The Pirates were also unable to trade any of the players they should have been pushing: Jack Wilson, Shawn Chacon, etc. The problem is that these guys (Wilson especially) had been given such stupid contracts by the Pirates that no other team would bite. The only other team willing to take on stupid liabilities like the Jack Wilson contract is ... well, the Pirates.
White Sox trade Rob Mackowiak to Padres for RHP Jon Link.
Mackowiak is a handy utility man, but I'm starting to wonder if he's finally outlived his good reputation. He was hitting 278/354/418 in Chicago, but you can take a chunk out of that when he moves to San Diego. And then he's not much of a fourth outfielder.
That's all I've come up with so far. I'll stay in touch if I hear about any pending waiver-wire deals, and should be able to get back to the NL Central soon.


tball said...

Deals not made. If I were an Angels fan, Dodgers fan, Nationals fan, I would be extremely disappointed. The Nationals need a solid long term plan, but they just seem to be making it up as they go along.

On the other end of the spectrum, the Angels have a good team that needed a bat as much as the Braves did. This is an annual non-event, but Stoneman again sat on his hands. He should have been more aggressive going after Teixeira, or maybe Glaus at 3B would have been a bigger upgrade over their current options. Angels fans should be calling for the stoning of Stoneman. Nearby, the Dodgers' firing of DePodesta looks premature now.

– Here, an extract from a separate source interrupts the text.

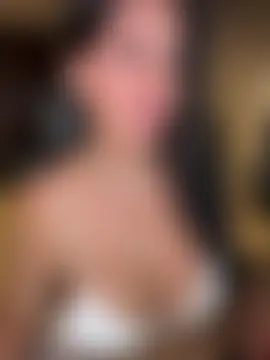 دردشة Carolina_Novoa الجنسية المباشرة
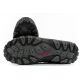 9. Merrell West Rim Sport Thermo W Schuhe J036814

It's been hard to be a Rangers fan in recent years, but Daniels and his scouting staff have really changed the look of the minor league system with the draft and these trades. Some of those catchers and toolsy upside guys are going to be used to acquire needs at future trade deadlines when they are buyers.

The Whiz Kid said...

In re tball:
I agree about the Angels; I loved their energy in the early years of the Moreno era, but things have slowed down recently. Their offense is starting to atrophy, although they do have some good young talent still there. Pitching behind Lackey is good, but not stable for the long term.

I agree about the Rangers. I run hot and cold on my opinion of Daniels' work as GM. Overall, I think he could have made more trades, but he did well with what he had, especially Teixeira. The Rangers do seem to have instituted a much better system in scouting/player development. They also have the money to pursue an impact free agent, especially now that Teixeira's out of the picture. Let's just hope they don't spend it on another Millwood.
The other thing I have to keep in mind is that Daniels works with one of the more "involved" owners in the game. It's difficult to say what moves Tom Hicks has or hasn't had a hand in, but it's something to keep in mind when we judge Daniels.

In the long run, though, the Rangers may not contend next year, but they're positioning themselves to contend into the future. The Mariners and A's don't have a strong foundation for the future (though the A's can pull out some surprises yet), and the Mariners will fade. The Rangers could be the #1 or #2 team in their division by 2009 if they eat their Wheaties.